Hurston contrasts her attitude toward being Black to those of other Black people she knows. She calls them "the sobbing school of Negrohood." In contrast to them, Hurston states that she is not "tragically" Black the way they are.
According to her, these people spend their time complaining that they have gotten "a lowdown dirty deal." Hurston, however, writes that she understands that the world belongs to the "strong" and that she is one of them. She is not going to spend her time letting racism hold her back but is, instead, "sharpening [her] oyster knife" to do battle with the world and seize it for herself. She will not focus on the negative or the tragedy of the Black past.
Hurston's implication is that approaching work and the world with a vibrant, positive attitude leads to great success. A young, talented, and intelligent woman, she had the luck to come of age in the 1920s, a time of great prosperity in the United States. It was also the time of the Harlem Renaissance, in which some white people were willing to use their wealth to sponsor talented Black people.
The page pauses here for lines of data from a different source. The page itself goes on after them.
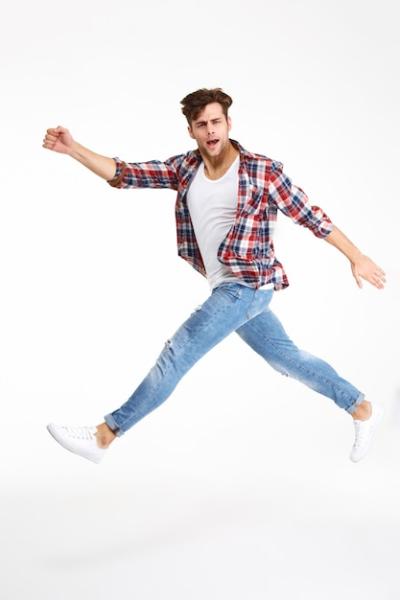 Full Length Portrait of a Casual Young Man Jumping – Free Download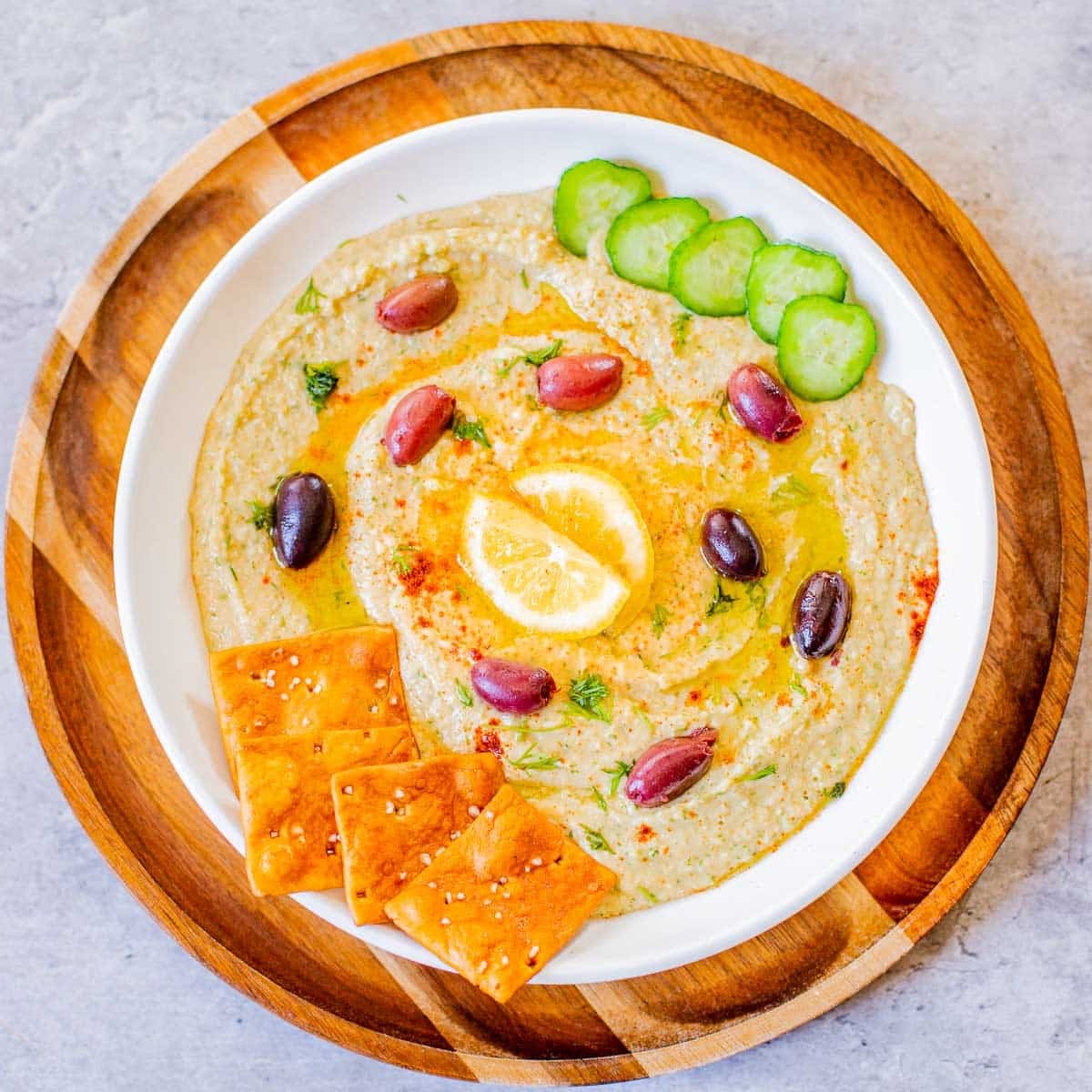 homemade hummus without tahini topped with kalamata olives, lemon, cucumbers, pita chips.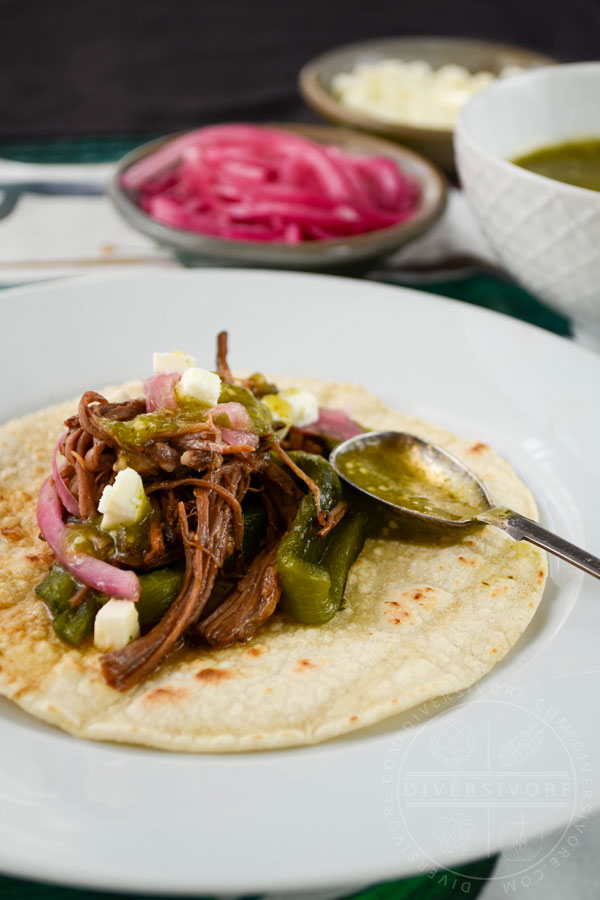 Instant Pot Brisket with Pasilla-Morita Adobo, served in a taco with salsa verde, pickled onions, and queso fresco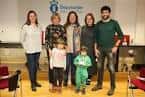 Grupo de personas y niños en un salón interior, posiblemente para un evento o ceremonia.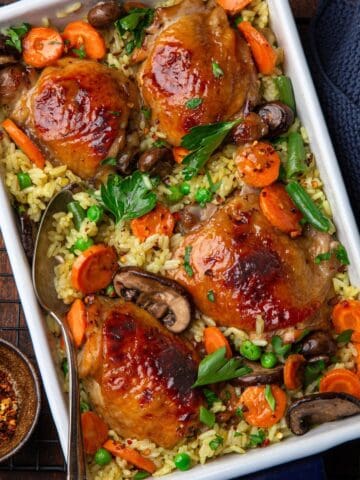 Sobrecoxas de frango assadas com legumes e grãos em assadeira.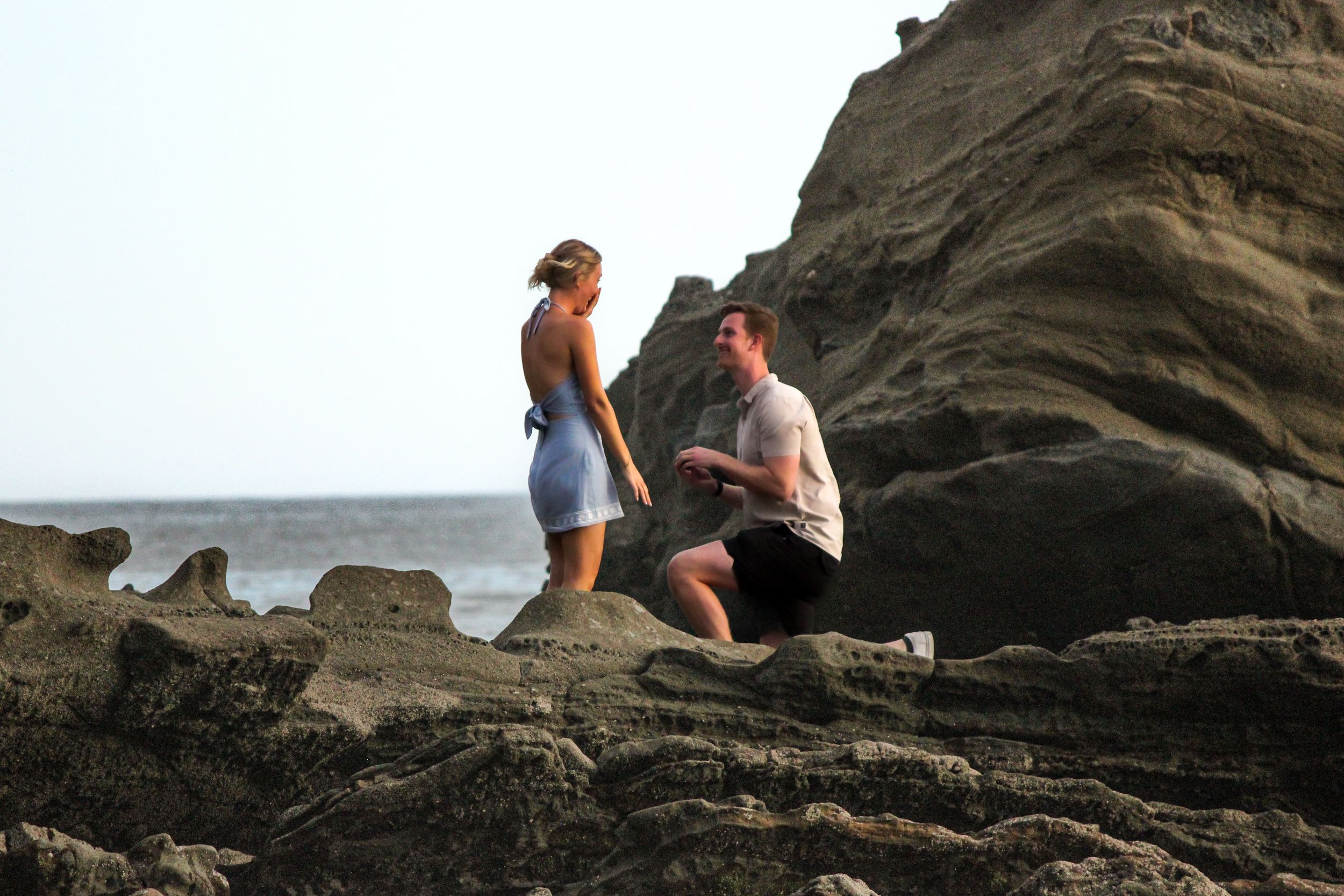 A beach engagement photoshoot taking place on rocks. Man on a knee proposing to a female in a blue dress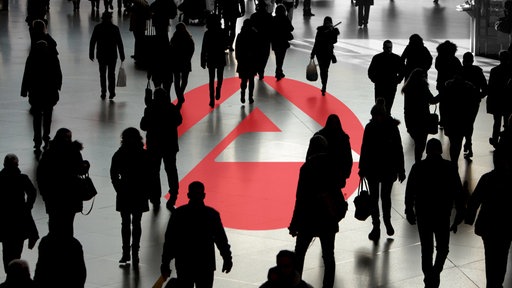 Das Logo der Agentur für Arbeit inmitten einer anonymen Menschenmenge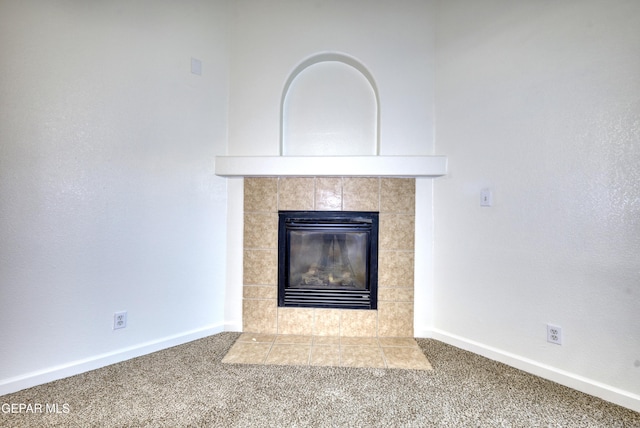 room details with carpet flooring, a fireplace, and baseboards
Hurston was fortunate to secure the generous patronage of a wealthy white woman named Charlotte Osgood Mason, who thought such cultures as the African and Native American cultures (lumping disparate cultures together into one entity) were superior to the European.
Hurston believed that Black people could climb out of second-class citizenship through individual hard work and optimism, and she implies that dwelling on the past is a hindrance to progress.